Guan Kecheng, Mai Zhaohuan, Zhou Siyu, Fang Shang, Li Zhan, Xu Ping, Chiao Yu-Hsuan, Hu Mengyang, Zhang Pengfei, Xu Guorong, Nakagawa Keizo, Matsuyama Hideto
Research Center for Membrane and Film Technology, Kobe University, 1-1 Rokkodai, Nada, Kobe 657-8501, Japan.
Department of Chemical Science and Engineering, Kobe University, 1-1 Rokkodai, Nada, Kobe 657-8501, Japan.
Nano Lett. 2023 Jul 12;23(13):6095-6101. doi: 10.1021/acs.nanolett.3c01541. Epub 2023 Jun 28.
Subnanometer interlayer space in graphene oxide (GO) laminates is desirable for use as permselective membrane nanochannels.
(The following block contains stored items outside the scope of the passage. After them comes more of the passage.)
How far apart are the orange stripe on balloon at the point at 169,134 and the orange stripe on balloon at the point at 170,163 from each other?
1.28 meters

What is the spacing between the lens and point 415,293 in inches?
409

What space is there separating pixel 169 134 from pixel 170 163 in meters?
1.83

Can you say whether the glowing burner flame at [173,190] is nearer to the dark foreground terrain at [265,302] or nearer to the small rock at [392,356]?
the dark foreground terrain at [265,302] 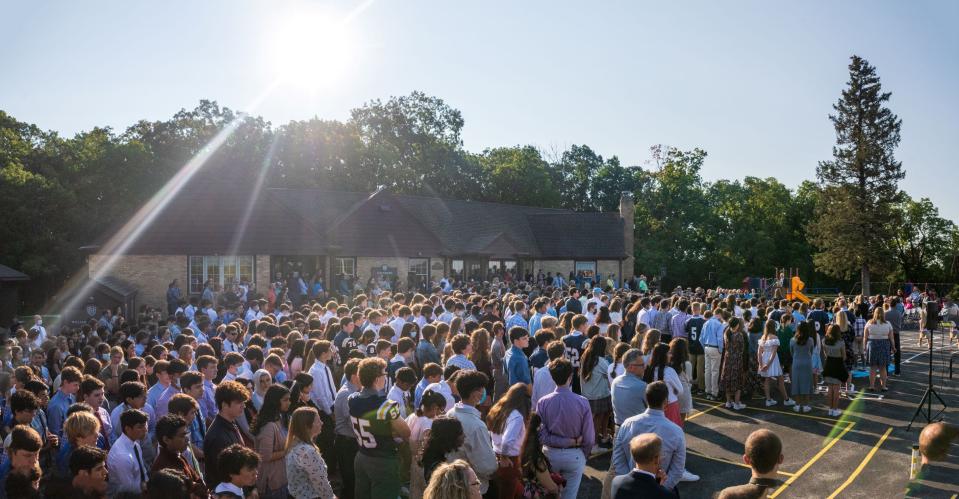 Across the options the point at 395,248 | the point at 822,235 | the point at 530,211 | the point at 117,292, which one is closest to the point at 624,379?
the point at 117,292

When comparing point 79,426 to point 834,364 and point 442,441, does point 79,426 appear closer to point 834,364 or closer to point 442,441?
point 442,441

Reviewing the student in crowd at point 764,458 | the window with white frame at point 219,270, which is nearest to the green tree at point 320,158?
the window with white frame at point 219,270

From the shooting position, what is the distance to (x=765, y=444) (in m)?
4.67

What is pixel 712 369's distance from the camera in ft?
48.5

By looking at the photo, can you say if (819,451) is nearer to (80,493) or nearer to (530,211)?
(80,493)

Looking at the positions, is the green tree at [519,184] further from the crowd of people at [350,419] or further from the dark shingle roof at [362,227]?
the crowd of people at [350,419]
Although the facile modification of the local structure of GO enables various nanochannel functionalizations, precisely controlling nanochannel space is still a challenge, and the roles of confined nanochannel chemistry in selective water/ion separation have not been clearly defined. In this study, macrocyclic molecules with consistent basal plane but varying side groups were used to conjunct with GO for modified nanochannels in laminates. We demonstrated the side-group dependence of both the angstrom-precision tunability for channel free space and the energy barrier setting for ion transport, which challenges the permeability-selectivity trade-off with a slightly decreased permeance from 1.1 to 0.9 L m h bar but an increased salt rejection from 85% to 95%. This study provides insights into the functional-group-dependent intercalation modifications of GO laminates for understanding laminate structural control and nanochannel design.
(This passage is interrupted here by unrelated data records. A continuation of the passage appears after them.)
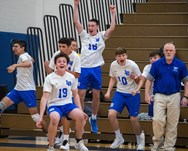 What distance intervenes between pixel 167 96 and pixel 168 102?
0.10 metres

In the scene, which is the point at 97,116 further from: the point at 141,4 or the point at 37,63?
the point at 141,4

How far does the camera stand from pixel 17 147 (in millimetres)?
10234

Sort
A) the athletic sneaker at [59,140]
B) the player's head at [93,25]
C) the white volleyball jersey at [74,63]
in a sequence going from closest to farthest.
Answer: the white volleyball jersey at [74,63], the athletic sneaker at [59,140], the player's head at [93,25]

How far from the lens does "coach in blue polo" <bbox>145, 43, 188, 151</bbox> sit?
9.95 meters

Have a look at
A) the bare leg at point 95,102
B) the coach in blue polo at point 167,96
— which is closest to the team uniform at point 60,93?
the coach in blue polo at point 167,96

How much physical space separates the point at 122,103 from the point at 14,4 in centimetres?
526

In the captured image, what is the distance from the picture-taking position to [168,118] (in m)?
10.0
氧化石墨烯(GO)层压板中的亚纳米层间空间有望用作选择性渗透膜纳米通道。尽管对GO局部结构的简便修饰能够实现各种纳米通道功能化,但精确控制纳米通道空间仍然是一个挑战,并且受限纳米通道化学在选择性水/离子分离中的作用尚未明确界定。在本研究中,具有一致基面但侧基不同的大环分子被用于与GO结合,以制备层压板中的改性纳米通道。我们证明了通道自由空间的埃级精度可调性和离子传输能垒设置对侧基的依赖性,这挑战了渗透率-选择性权衡,渗透率略有下降,从1.1降至0.9 L m⁻² h⁻¹ bar,但盐截留率从85%提高到95%。本研究为理解层压板结构控制和纳米通道设计提供了关于GO层压板官能团依赖性插层修饰的见解。